Complexes were prepared by mixing the HA with saturating amounts of H3v-47 Fab and FI6v Fab at room temperature for 2 h. The complex was purified by size exclusion chromatography using a Superdex 200 10/300 GL column (GE Healthcare) to remove excess Fab. The complex was diluted to 2 ug/ml, applied to freshly glow discharged 400 mesh carbon coated copper grids, and negatively stained with 2% uranyl formate. The complexes were imaged at 52K times magnification on an FEI T12 at 120 kV TEM resulting in a pixel size of 2.05 A/pixel (calibrated using catalase crystal diffraction) with a dose of 24.7 e/Å2. All data were collected using Leginon Multi-Scale Imaging (MSI-raster 3.1) software66. The T12 TEM was equipped with a Teitz F416 4k × 4k CMOS. Images were collected while tilting the stage from 0 to 50 degrees in 5-degree increments to increase sampling of different angular orientations of the particles. DoGpicker67 was used to automatically select particles from 599 raw micrographs that were then binned by two resulting in 4.10 Å /pixel size and placed into 80 × 80 pixel boxes. Particles were aligned with Iterative MRA-MSA and ISAC1 resulting in a final stack of 23,175 raw particles. Class averages from ISAC were used to create a common lines initial model in EMAN268. Model refinement was conducted in EMAN169 resulting in a 25.8 Å resolution reconstruction based on a 0.5 FSC cutoff value.

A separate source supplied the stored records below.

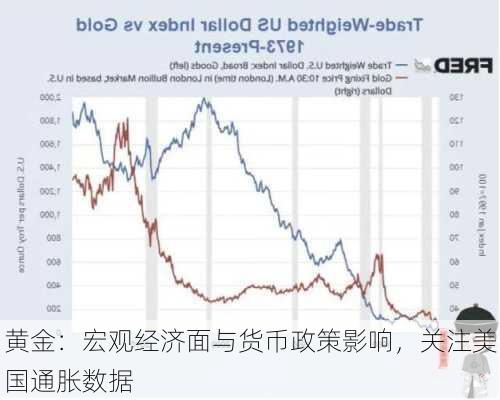 黄金：宏观经济面与货币政策影响，关注美国通胀数据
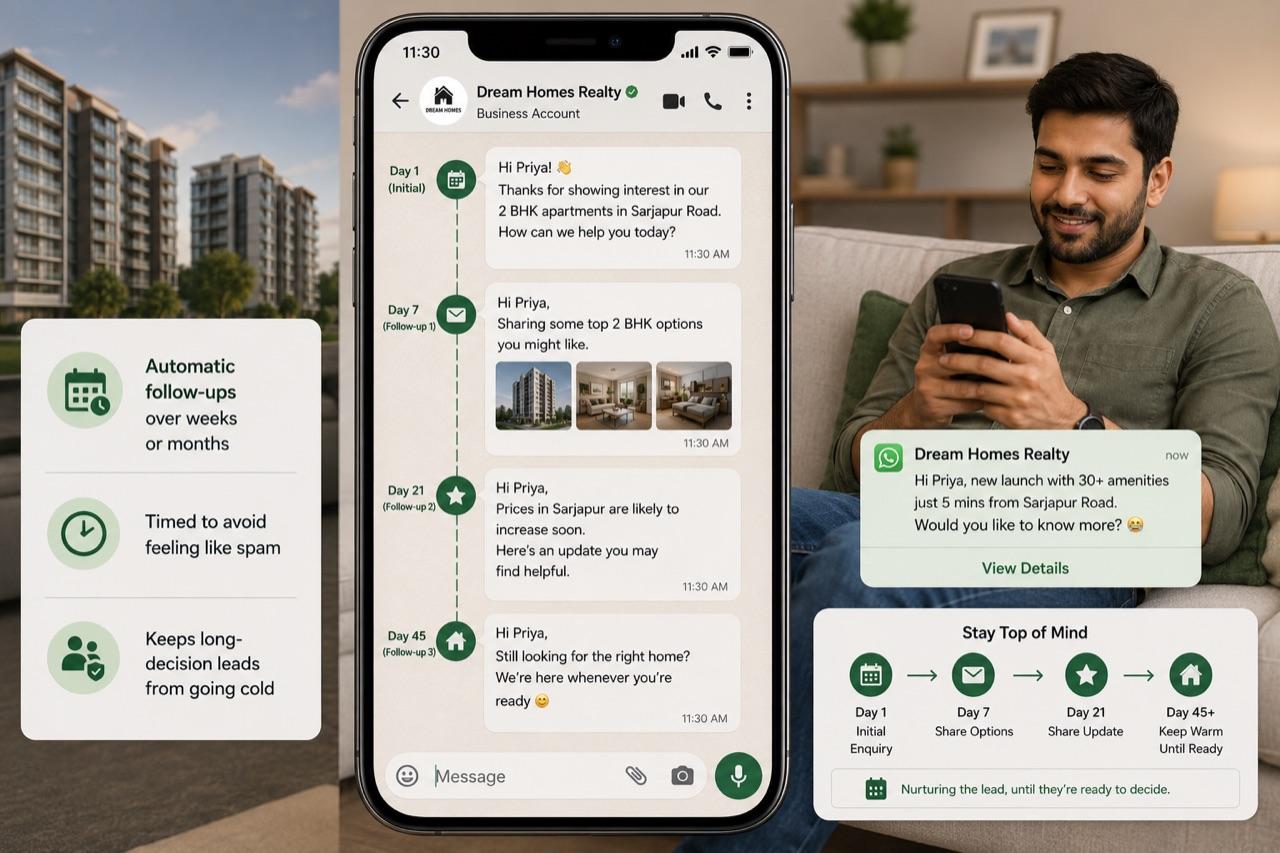 A WhatsApp follow-up sequence spaced across day 1, day 7, day 21 and day 45, keeping a property lead warm
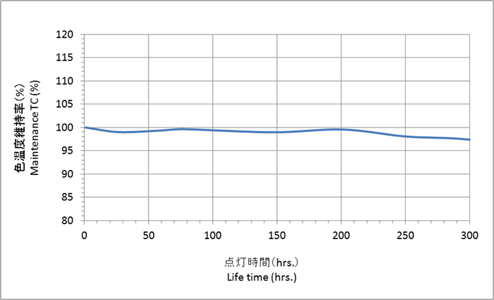 適正設計後のメタルハライドランプ色温度寿命維持率特性の図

Sequence analysis of the antibody epitopes

The full-length and non-redundant influenza A HA sequences were downloaded from the Influenza Virus Resource at the National Center for Biotechnology Information (NCBI) database70. At the time of download (December 31, 2015), the dataset includes 4859 human H3 HA sequences. The sequences were aligned using MUSCLE71 with default parameters.

Data availability

Atomic coordinates and structure factors for the crystal structures of H3v-47 Fab, A/Minnesota/11/2010 (H3N2) HA in apo form, the HA in complex with LSTc, and the HA in complex with H3v-47 Fab have been deposited in the Protein Data Bank with the accession codes 5XRQ, 5XRT, 5XRS, and 5W42, respectively. The authors declare that all other data supporting the findings of this study are available within the article and its Supplementary Information files, or are available from the authors upon request.